Малюта взглянул на царевича таким взглядом, от которого всякий другой
задрожал бы. Но царевич считал себя недоступным Малютиной мести. Второй сын
Грозного, наследник престола, вмещал в себе почти все пороки отца, а злые
примеры все более и более заглушали то, что было в нем доброго. Иоанн
Иоаннович уже не знал жалости.
- Да, - прибавил он, усмехаясь, - Максим не ел и не пил за обедом. Ему
не по сердцу наше житье. Он гнушается батюшкиной опричниной!
В продолжение этого разговора Борис Годунов не спускал глаз с Иоанна.
Он, казалось, изучал выражение лица его и тихо, никем не замеченный, вышел
из столовой.
Малюта повалился государю в ноги.
- Батюшка, государь Иван Васильевич! - проговорил он, хватаясь за полы
царской одежды, - сего утра я, дурак глупый, деревенщина необтесанный,
просил тебя пожаловать мне боярство. Где был разум мой? Куда девался смысл
человеческий? Мне ли, смрадному рабу, носить шапку боярскую? Забудь,
государь, дурацкие слова мои, вели снять с меня кафтан золоченый, одень в
рогожу, только отпусти Максиму вину его! Молод он, государь, глуп, не
смыслит, что говорит! А уж если казнить кого, так вели меня казнить, не
давай я, дурак, напиваться сыну допьяна! Дозволь, государь, я снесу на плаху
глупую голову! Прикажи, тотчас сам на себя руки наложу!

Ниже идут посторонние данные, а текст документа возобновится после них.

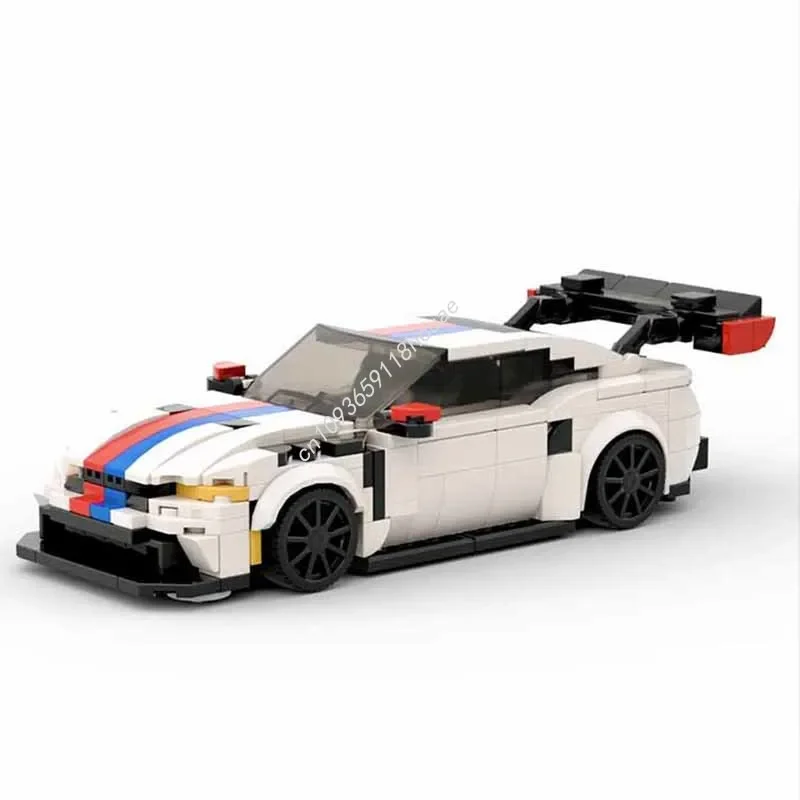 

418 деталей MOC Ford Mustang GTD City Champions: модель суперкара, конструктор, творческий набор для сборки, архитектурные игрушки, подарки на Рождество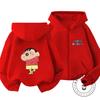 Trendy Zipper Hoodie New Design Hot Cartoon Autumn Winter Kids Wear Crayon Shin Chan Boys Girls 3 14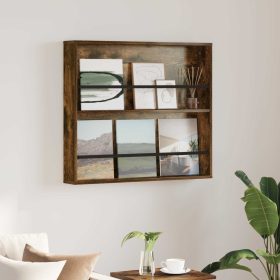    Magazin állvány polcokkal Füstölt tölgy 80 x 12 x 70 cm Faanyag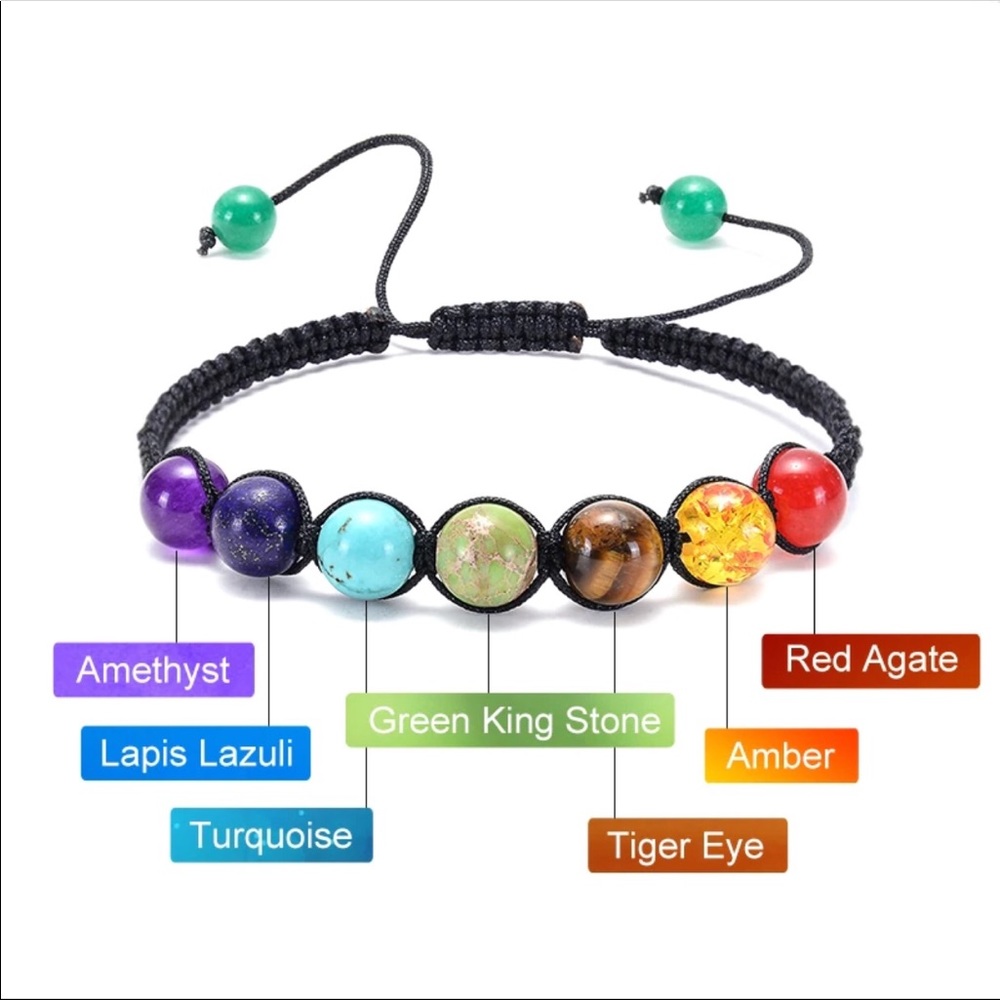 🧘‍♀️ 7 Beaded Chakra Healing Bracelet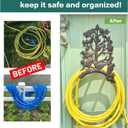 Sungmor Heavy Duty Cast Iron Hose Holder,Garden & Yard Decorative Birds Wall Mounted Hose Butler,Water Pipe Holds,Rack,Hanger,Antique Wall Decorations
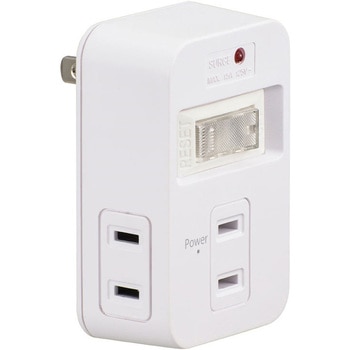 電源タップ 発煙ガード スイッチ付 3個口 オーム電機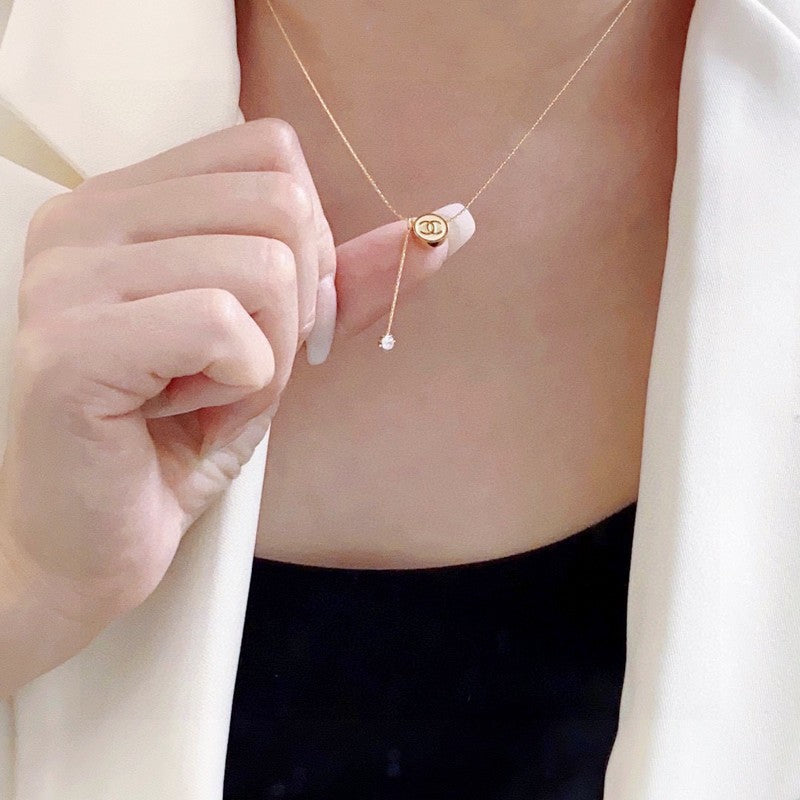 18K  Chanel Gold Necklace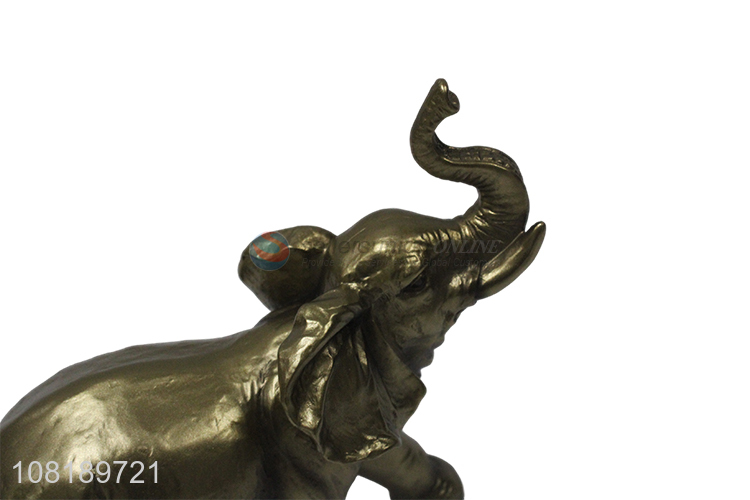 Good price golden elephant home office ornament wholesale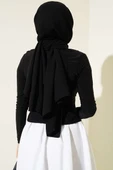Yanları Büzgülü Sandy Bluz Siyah - 3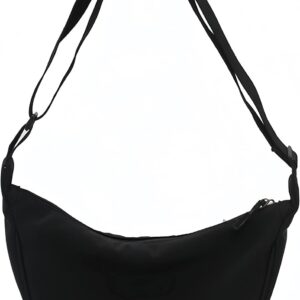 Flycppo borsa a tracolla donna nylon mezzaluna regolabile-0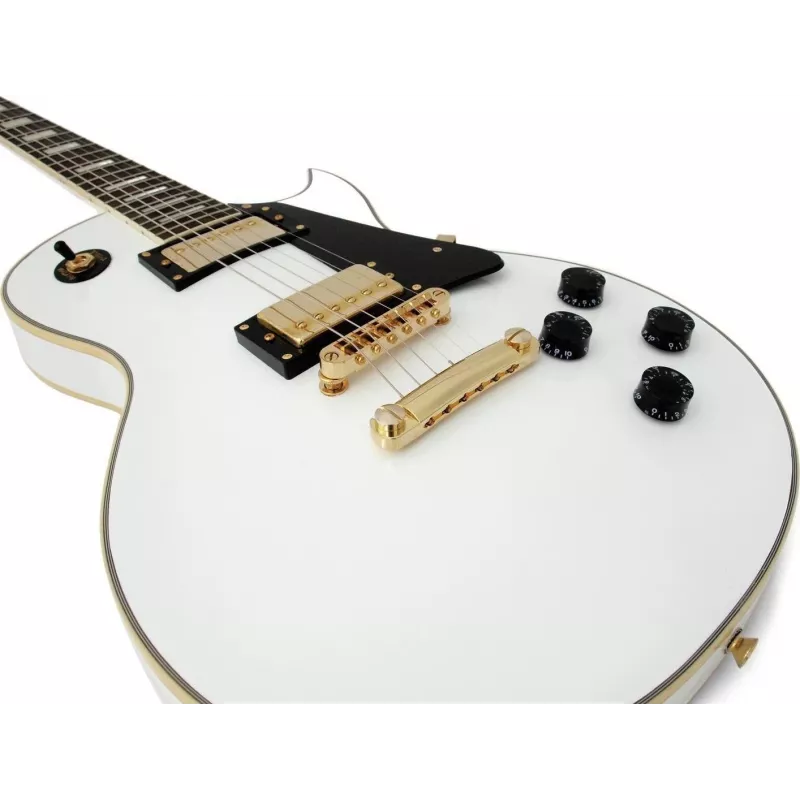 DIMAVERY LP-520 elgitarr, vit/guld 26215160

Жалко было видеть, как исказилось лицо Малюты, как отчаяние написалось
на чертах, никогда не отражавших ничего, кроме зверства.
Царь засмеялся.
- Не за что казнить ни тебя, ни сына твоего! - сказал он. - Максим
прав!
- Что ты, государь! - вскричал Малюта. - Как Максим прав? - И радостное
удивление его выразилось было глупою улыбкой, но она тотчас исчезла, ибо ему
представилось, что царь над ним издевается.

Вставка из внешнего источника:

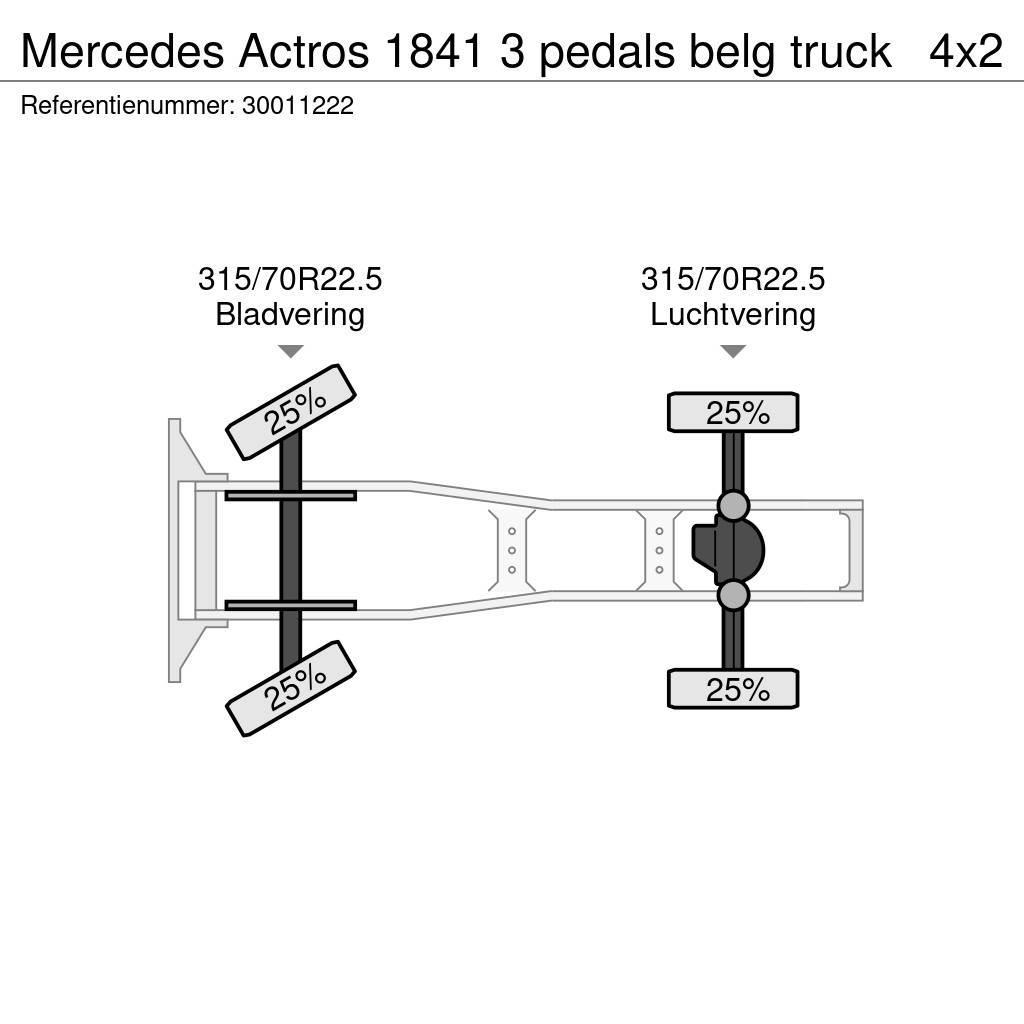 Mercedes-Benz Actros 1841 3 pedals belg truck Tahače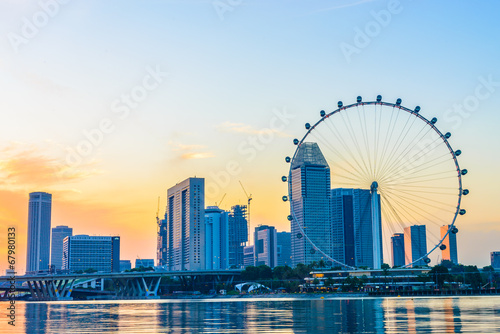 SINGAPORE - JUNE 23: At a height of 165m, Singapore Flyer is the © siraphol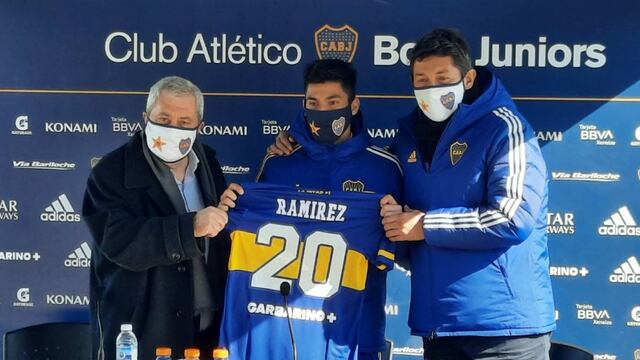 Juan Ramírez usará la camiseta número 20 en el Xeneize y puede ser titular ante Talleres (La Voz).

Эти быстрые перемены на лице Малюты были так необыкновенны, что царь,
глядя на него, опять принялся смеяться.
- Максим прав, - повторил он наконец, принимая свой прежний степенный
вид, - я исторопился. Того быть не может, чтобы Серебряный вольною волей
что-либо учинил на меня. Помню я Никиту еще до литовской войны. Я всегда
любил его. Он был мне добрый слуга. Это вы, окаянные, - продолжал царь,
обращаясь к Грязному и к Басмановым, - это вы всегда подбиваете меня кровь
проливать! Мало еще было вам смертного убойства? Нужно было извести моего
доброго боярина? Что стоите, звери! Бегите, остановите казнь! Только нет, и
не ходите! Поздно! Я чаю, уж слетела с него голова! Вы все заплатите мне за
кровь его!
- Не поздно, государь, - сказал Годунов, возвращаясь в палату. - Я
велел подождать казнить Серебряного. На милость образца нет, государь; а мне
ведомо, что ты милостив, что иной раз и присудишь, и простишь виноватого.